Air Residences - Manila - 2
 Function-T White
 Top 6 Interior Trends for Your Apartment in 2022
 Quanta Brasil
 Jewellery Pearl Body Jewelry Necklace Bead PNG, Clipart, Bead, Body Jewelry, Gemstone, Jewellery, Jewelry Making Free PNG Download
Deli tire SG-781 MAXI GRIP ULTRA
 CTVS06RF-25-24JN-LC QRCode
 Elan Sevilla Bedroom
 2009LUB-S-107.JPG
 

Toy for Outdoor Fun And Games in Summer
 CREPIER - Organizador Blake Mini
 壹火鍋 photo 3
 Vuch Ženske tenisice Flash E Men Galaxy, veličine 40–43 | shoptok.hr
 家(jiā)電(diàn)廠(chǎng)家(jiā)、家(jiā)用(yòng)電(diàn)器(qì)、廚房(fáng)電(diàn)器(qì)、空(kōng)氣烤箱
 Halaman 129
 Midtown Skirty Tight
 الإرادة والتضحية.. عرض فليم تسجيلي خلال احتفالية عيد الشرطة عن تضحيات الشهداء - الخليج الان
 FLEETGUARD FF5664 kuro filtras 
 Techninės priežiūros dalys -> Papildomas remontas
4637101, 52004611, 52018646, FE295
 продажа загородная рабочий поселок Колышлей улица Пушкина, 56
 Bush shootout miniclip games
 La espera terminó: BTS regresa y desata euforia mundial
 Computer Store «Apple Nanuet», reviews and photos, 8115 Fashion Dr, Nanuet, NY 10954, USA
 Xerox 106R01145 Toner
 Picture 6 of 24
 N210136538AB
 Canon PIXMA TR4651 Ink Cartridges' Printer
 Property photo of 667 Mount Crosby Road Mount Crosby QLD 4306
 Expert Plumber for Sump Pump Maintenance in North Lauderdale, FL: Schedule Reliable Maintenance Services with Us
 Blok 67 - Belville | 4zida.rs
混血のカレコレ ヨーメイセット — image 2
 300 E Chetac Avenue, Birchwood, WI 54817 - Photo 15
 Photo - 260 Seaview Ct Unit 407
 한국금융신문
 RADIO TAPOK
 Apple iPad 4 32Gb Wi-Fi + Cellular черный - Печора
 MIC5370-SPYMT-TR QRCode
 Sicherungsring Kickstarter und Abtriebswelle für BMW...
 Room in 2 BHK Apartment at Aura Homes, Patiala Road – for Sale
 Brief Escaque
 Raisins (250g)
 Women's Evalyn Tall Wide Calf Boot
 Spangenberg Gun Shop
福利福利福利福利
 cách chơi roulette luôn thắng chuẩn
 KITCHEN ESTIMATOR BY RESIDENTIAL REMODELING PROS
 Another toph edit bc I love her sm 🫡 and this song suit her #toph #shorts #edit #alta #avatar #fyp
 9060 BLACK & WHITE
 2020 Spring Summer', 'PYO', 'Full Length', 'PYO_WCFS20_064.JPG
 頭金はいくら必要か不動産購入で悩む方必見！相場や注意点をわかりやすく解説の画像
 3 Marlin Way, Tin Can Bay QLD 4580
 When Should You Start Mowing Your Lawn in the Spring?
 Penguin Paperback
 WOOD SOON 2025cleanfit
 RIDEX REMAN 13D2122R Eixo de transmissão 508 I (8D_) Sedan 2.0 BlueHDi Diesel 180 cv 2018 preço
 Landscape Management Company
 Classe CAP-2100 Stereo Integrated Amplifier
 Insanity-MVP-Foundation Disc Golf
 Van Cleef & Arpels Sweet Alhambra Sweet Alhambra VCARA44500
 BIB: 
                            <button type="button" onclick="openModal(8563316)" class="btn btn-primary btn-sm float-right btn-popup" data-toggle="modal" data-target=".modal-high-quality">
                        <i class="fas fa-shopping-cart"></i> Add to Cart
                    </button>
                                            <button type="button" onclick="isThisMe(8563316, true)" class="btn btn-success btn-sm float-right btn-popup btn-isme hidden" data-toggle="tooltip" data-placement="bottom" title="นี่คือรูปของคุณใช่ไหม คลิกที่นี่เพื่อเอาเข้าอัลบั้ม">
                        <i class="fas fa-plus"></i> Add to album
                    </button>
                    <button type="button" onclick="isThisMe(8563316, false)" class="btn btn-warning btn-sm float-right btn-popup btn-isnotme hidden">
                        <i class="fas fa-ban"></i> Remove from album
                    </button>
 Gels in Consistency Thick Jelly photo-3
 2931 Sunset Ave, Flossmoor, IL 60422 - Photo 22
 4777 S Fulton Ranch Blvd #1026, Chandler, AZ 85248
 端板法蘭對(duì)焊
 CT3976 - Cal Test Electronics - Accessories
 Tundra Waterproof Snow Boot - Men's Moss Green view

::::

- **What to work on**:
Please print each entry once more, exactly as it reads.

- **Task answer**:
Air Residences - Manila - 2
 Function-T White
 Top 6 Interior Trends for Your Apartment in 2022
 Quanta Brasil
 Jewellery Pearl Body Jewelry Necklace Bead PNG, Clipart, Bead, Body Jewelry, Gemstone, Jewellery, Jewelry Making Free PNG Download
Deli tire SG-781 MAXI GRIP ULTRA
 CTVS06RF-25-24JN-LC QRCode
 Elan Sevilla Bedroom
 2009LUB-S-107.JPG
 

Toy for Outdoor Fun And Games in Summer
 CREPIER - Organizador Blake Mini
 壹火鍋 photo 3
 Vuch Ženske tenisice Flash E Men Galaxy, veličine 40–43 | shoptok.hr
 家(jiā)電(diàn)廠(chǎng)家(jiā)、家(jiā)用(yòng)電(diàn)器(qì)、廚房(fáng)電(diàn)器(qì)、空(kōng)氣烤箱
 Halaman 129
 Midtown Skirty Tight
 الإرادة والتضحية.. عرض فليم تسجيلي خلال احتفالية عيد الشرطة عن تضحيات الشهداء - الخليج الان
 FLEETGUARD FF5664 kuro filtras 
 Techninės priežiūros dalys -> Papildomas remontas
4637101, 52004611, 52018646, FE295
 продажа загородная рабочий поселок Колышлей улица Пушкина, 56
 Bush shootout miniclip games
 La espera terminó: BTS regresa y desata euforia mundial
 Computer Store «Apple Nanuet», reviews and photos, 8115 Fashion Dr, Nanuet, NY 10954, USA
 Xerox 106R01145 Toner
 Picture 6 of 24
 N210136538AB
 Canon PIXMA TR4651 Ink Cartridges' Printer
 Property photo of 667 Mount Crosby Road Mount Crosby QLD 4306
 Expert Plumber for Sump Pump Maintenance in North Lauderdale, FL: Schedule Reliable Maintenance Services with Us
 Blok 67 - Belville | 4zida.rs
混血のカレコレ ヨーメイセット — image 2
 300 E Chetac Avenue, Birchwood, WI 54817 - Photo 15
 Photo - 260 Seaview Ct Unit 407
 한국금융신문
 RADIO TAPOK
 Apple iPad 4 32Gb Wi-Fi + Cellular черный - Печора
 MIC5370-SPYMT-TR QRCode
 Sicherungsring Kickstarter und Abtriebswelle für BMW...
 Room in 2 BHK Apartment at Aura Homes, Patiala Road – for Sale
 Brief Escaque
 Raisins (250g)
 Women's Evalyn Tall Wide Calf Boot
 Spangenberg Gun Shop
福利福利福利福利
 cách chơi roulette luôn thắng chuẩn
 KITCHEN ESTIMATOR BY RESIDENTIAL REMODELING PROS
 Another toph edit bc I love her sm 🫡 and this song suit her #toph #shorts #edit #alta #avatar #fyp
 9060 BLACK & WHITE
 2020 Spring Summer', 'PYO', 'Full Length', 'PYO_WCFS20_064.JPG
 頭金はいくら必要か不動産購入で悩む方必見！相場や注意点をわかりやすく解説の画像
 3 Marlin Way, Tin Can Bay QLD 4580
 When Should You Start Mowing Your Lawn in the Spring?
 Penguin Paperback
 WOOD SOON 2025cleanfit
 RIDEX REMAN 13D2122R Eixo de transmissão 508 I (8D_) Sedan 2.0 BlueHDi Diesel 180 cv 2018 preço
 Landscape Management Company
 Classe CAP-2100 Stereo Integrated Amplifier
 Insanity-MVP-Foundation Disc Golf
 Van Cleef & Arpels Sweet Alhambra Sweet Alhambra VCARA44500
 BIB: 
                            <button type="button" onclick="openModal(8563316)" class="btn btn-primary btn-sm float-right btn-popup" data-toggle="modal" data-target=".modal-high-quality">
                        <i class="fas fa-shopping-cart"></i> Add to Cart
                    </button>
                                            <button type="button" onclick="isThisMe(8563316, true)" class="btn btn-success btn-sm float-right btn-popup btn-isme hidden" data-toggle="tooltip" data-placement="bottom" title="นี่คือรูปของคุณใช่ไหม คลิกที่นี่เพื่อเอาเข้าอัลบั้ม">
                        <i class="fas fa-plus"></i> Add to album
                    </button>
                    <button type="button" onclick="isThisMe(8563316, false)" class="btn btn-warning btn-sm float-right btn-popup btn-isnotme hidden">
                        <i class="fas fa-ban"></i> Remove from album
                    </button>
 Gels in Consistency Thick Jelly photo-3
 2931 Sunset Ave, Flossmoor, IL 60422 - Photo 22
 4777 S Fulton Ranch Blvd #1026, Chandler, AZ 85248
 端板法蘭對(duì)焊
 CT3976 - Cal Test Electronics - Accessories
 Tundra Waterproof Snow Boot - Men's Moss Green view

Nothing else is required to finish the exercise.